I think the automatic doors at Art Center don’t open for you when they sense that you’re a failure. For the first time ever at school, I had to practically force a door to swing open. It comes as no surprise as due to my failure at time management that I failed to turn in my mid-term project for Design 2.
Admittedly, I was smug in assuming that all would go well in the design and print. However, it never fails to take into consideration Murphy’s Law in scenarios like this. My printer broke. And although tragic, it is really no excuse. Let this be a lesson to myself, for the millionth time, to never do shit at the last minute. I felt like I not only let myself down, but also my instructor and classmates (who I know they themselves struggled to get this project out the door) as well.
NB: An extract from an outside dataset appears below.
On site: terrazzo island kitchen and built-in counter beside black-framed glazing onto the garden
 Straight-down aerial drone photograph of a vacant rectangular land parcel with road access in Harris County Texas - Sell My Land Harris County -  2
I had the courage to personally tell my instructor, Jon, that I didn’t have the project done. At his suggestion, and in the confidence that this indeed would not happen again, I attended class anyway. My grade would be reduced because of the missed assignment. I told him that that was only fair. It was weird in that I felt my shame as well as the sincere honor of seeing my classmates’ beautiful creations. It was a weird, emotional day for me. I was silent during the crits. I felt I couldn’t measure up. The experience was terrifying.
Today wasn’t the end of the world; I still have until the final to make up this class. But I was terribly disappointed in myself. With all the people that love me and believe in me–I failed. I make no excuse.